Short summary by 'pure':
Three gay males, one 17, practiced various forms of beating and genital torture. They made videotapes, not sold, for others in the bdsm group. The acts were consented to, and they had 'safe words'. There were convicted of several counts of assault since actual wounds-- breaking the skin with bleeding-- were inflicted. At least one 'victim', sub, was convicted of aiding and encouraging the assault, apparently on himself.
Upheld on appeal: It was stated that society has an interest in regulating such acts, which amount to assault, because of the dangerousness and cruelty of them, which breeds further cruelty, even though there is consent. The person's right to do with his body as he chooses is limited to lawful acts; unlawful ones, such as drug taking, are illegal for reasons of public policy. "the infliction of actual or more serious bodily harm is an unlawful activity to which consent is no answer." In short, if the skin is broken, if there's bleeding, or a wound--non-trivial injury--both are subject to prosecution for assault.
The European Court's decision agreed with the above points,and the convictions of the men were upheld.
My personal view: Sexual acts of adults, in private, with consent of all persons, should not be prosecuted unless there's serious bodily harm. Let's hope that laws against s/m sex will change, as did the laws, in many Western countries, against adult gay and lesbian sex. In the mean time, I think you should know your vulnerability. If you want to help, visit the website listed at the end. Help bdsm orgs lobby the legislators in your area (state, country).
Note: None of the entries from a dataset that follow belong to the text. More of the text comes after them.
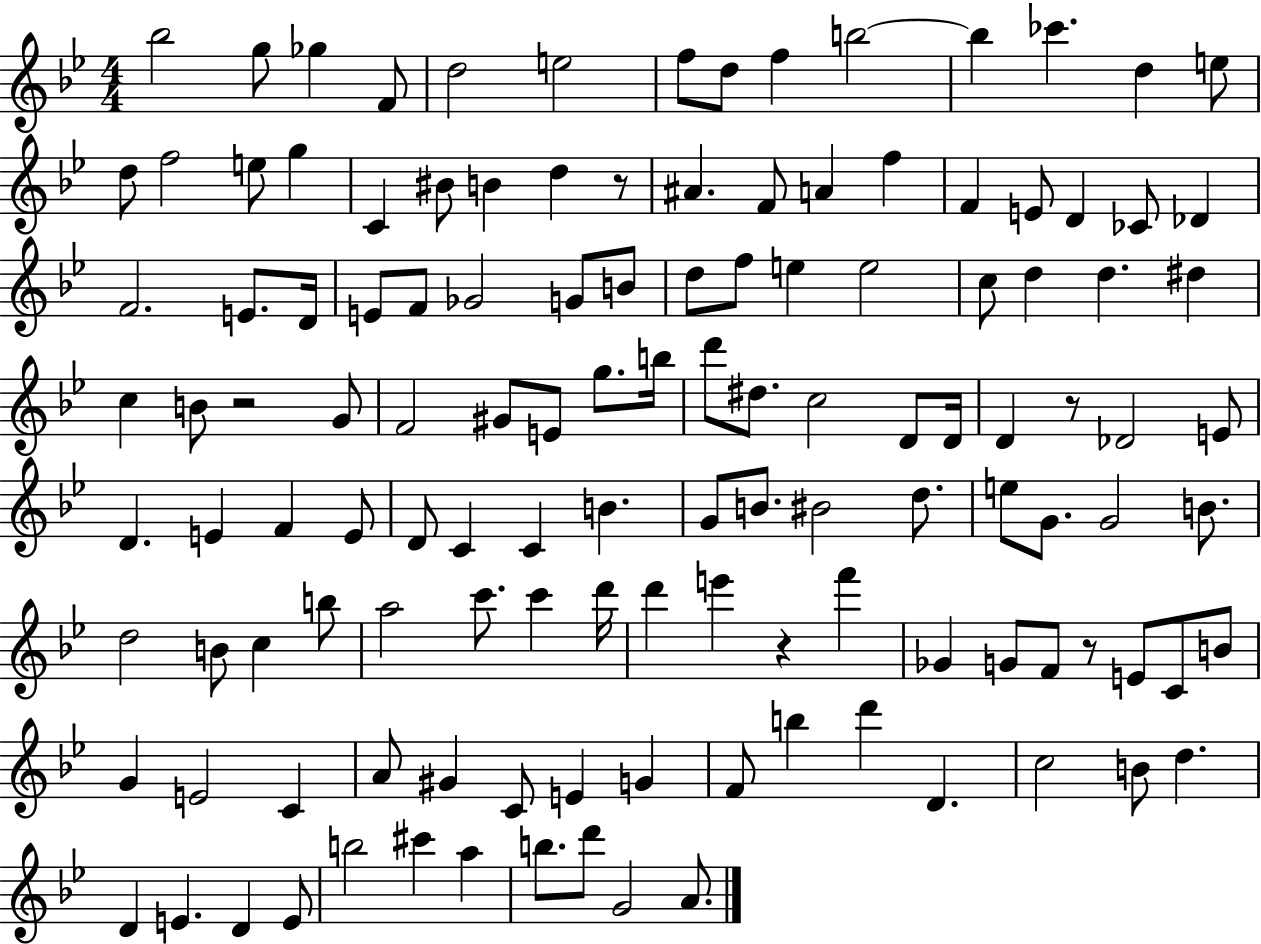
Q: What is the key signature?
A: BES major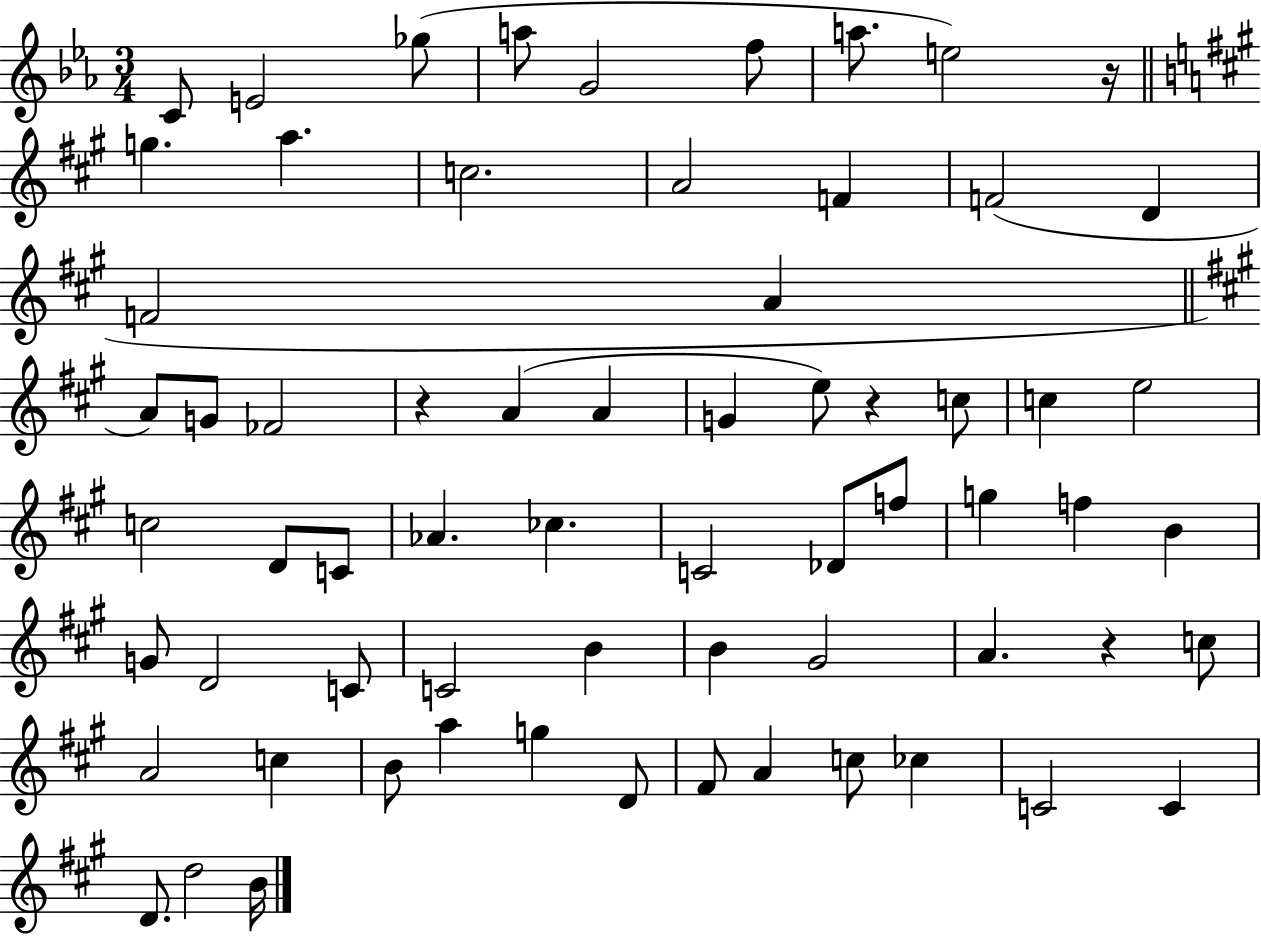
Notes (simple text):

C4/e E4/h Gb5/e A5/e G4/h F5/e A5/e. E5/h R/s G5/q. A5/q. C5/h. A4/h F4/q F4/h D4/q F4/h A4/q A4/e G4/e FES4/h R/q A4/q A4/q G4/q E5/e R/q C5/e C5/q E5/h C5/h D4/e C4/e Ab4/q. CES5/q. C4/h Db4/e F5/e G5/q F5/q B4/q G4/e D4/h C4/e C4/h B4/q B4/q G#4/h A4/q. R/q C5/e A4/h C5/q B4/e A5/q G5/q D4/e F#4/e A4/q C5/e CES5/q C4/h C4/q D4/e. D5/h B4/s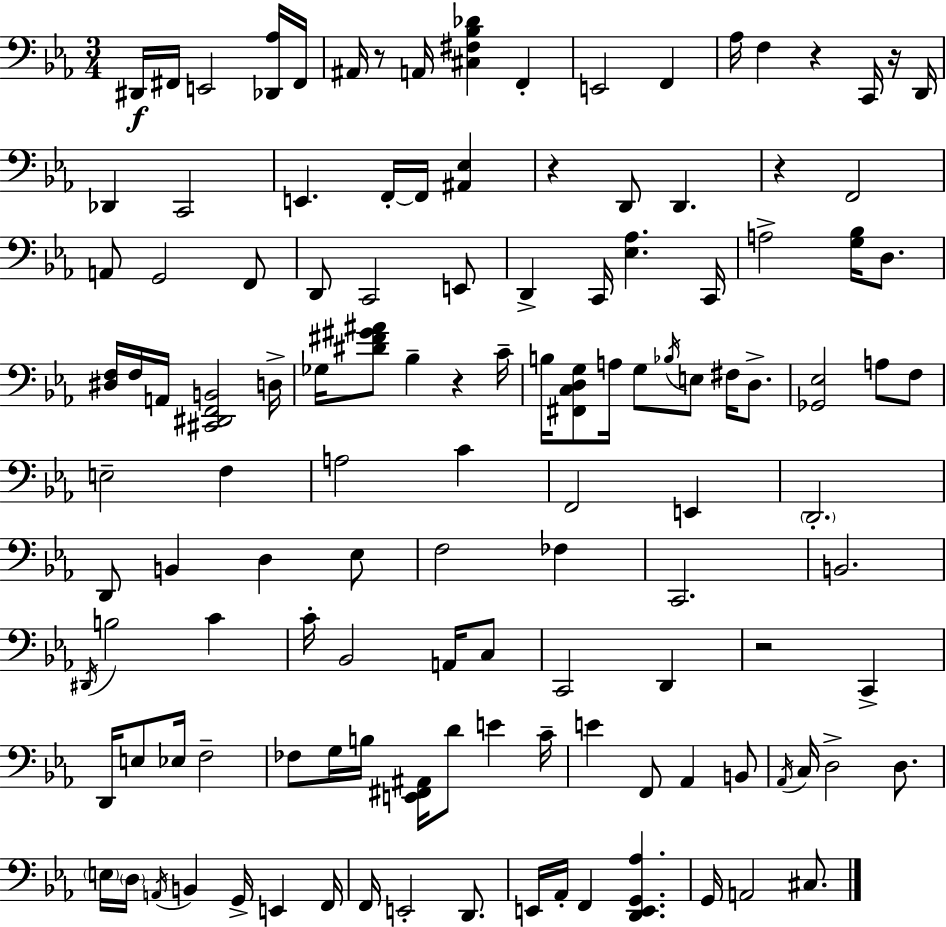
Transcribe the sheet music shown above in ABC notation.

X:1
T:Untitled
M:3/4
L:1/4
K:Eb
^D,,/4 ^F,,/4 E,,2 [_D,,_A,]/4 ^F,,/4 ^A,,/4 z/2 A,,/4 [^C,^F,_B,_D] F,, E,,2 F,, _A,/4 F, z C,,/4 z/4 D,,/4 _D,, C,,2 E,, F,,/4 F,,/4 [^A,,_E,] z D,,/2 D,, z F,,2 A,,/2 G,,2 F,,/2 D,,/2 C,,2 E,,/2 D,, C,,/4 [_E,_A,] C,,/4 A,2 [G,_B,]/4 D,/2 [^D,F,]/4 F,/4 A,,/4 [^C,,^D,,F,,B,,]2 D,/4 _G,/4 [^D^F^G^A]/2 _B, z C/4 B,/4 [^F,,C,D,G,]/2 A,/4 G,/2 _B,/4 E,/2 ^F,/4 D,/2 [_G,,_E,]2 A,/2 F,/2 E,2 F, A,2 C F,,2 E,, D,,2 D,,/2 B,, D, _E,/2 F,2 _F, C,,2 B,,2 ^D,,/4 B,2 C C/4 _B,,2 A,,/4 C,/2 C,,2 D,, z2 C,, D,,/4 E,/2 _E,/4 F,2 _F,/2 G,/4 B,/4 [E,,^F,,^A,,]/4 D/2 E C/4 E F,,/2 _A,, B,,/2 _A,,/4 C,/4 D,2 D,/2 E,/4 D,/4 A,,/4 B,, G,,/4 E,, F,,/4 F,,/4 E,,2 D,,/2 E,,/4 _A,,/4 F,, [D,,E,,G,,_A,] G,,/4 A,,2 ^C,/2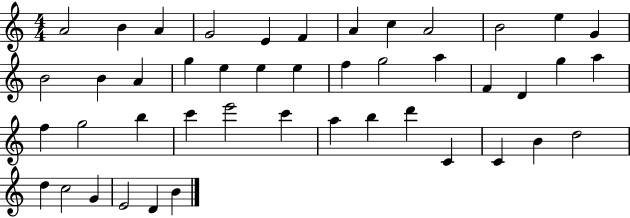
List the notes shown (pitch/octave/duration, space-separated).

A4/h B4/q A4/q G4/h E4/q F4/q A4/q C5/q A4/h B4/h E5/q G4/q B4/h B4/q A4/q G5/q E5/q E5/q E5/q F5/q G5/h A5/q F4/q D4/q G5/q A5/q F5/q G5/h B5/q C6/q E6/h C6/q A5/q B5/q D6/q C4/q C4/q B4/q D5/h D5/q C5/h G4/q E4/h D4/q B4/q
To continue: "Abuse" is not a common legal term in dealing with or defining assault, excepts perhaps in relation to domestic and child welfare legislation. Common terms that you see, are mistreatment and bodily harm. In any dictionary, ordinary or legal, abuse and mistreatment are almost identical concepts in the present area of discussion.
We're not talking about the dom/me's mind, his or her (subjective) intent; nor whether the sub considers him- herself mistreated. But the judgment below shows how the British courts use objective standards--i.e., is there a wound?-- to decide on the issue of mistreatment.
See especially sections 10 and 20, 21 below, which I put in bold. You should notice also that not merely the domme is prosecuted, but the 'sub'/victim' for 'aiding and abetting' his own wounding.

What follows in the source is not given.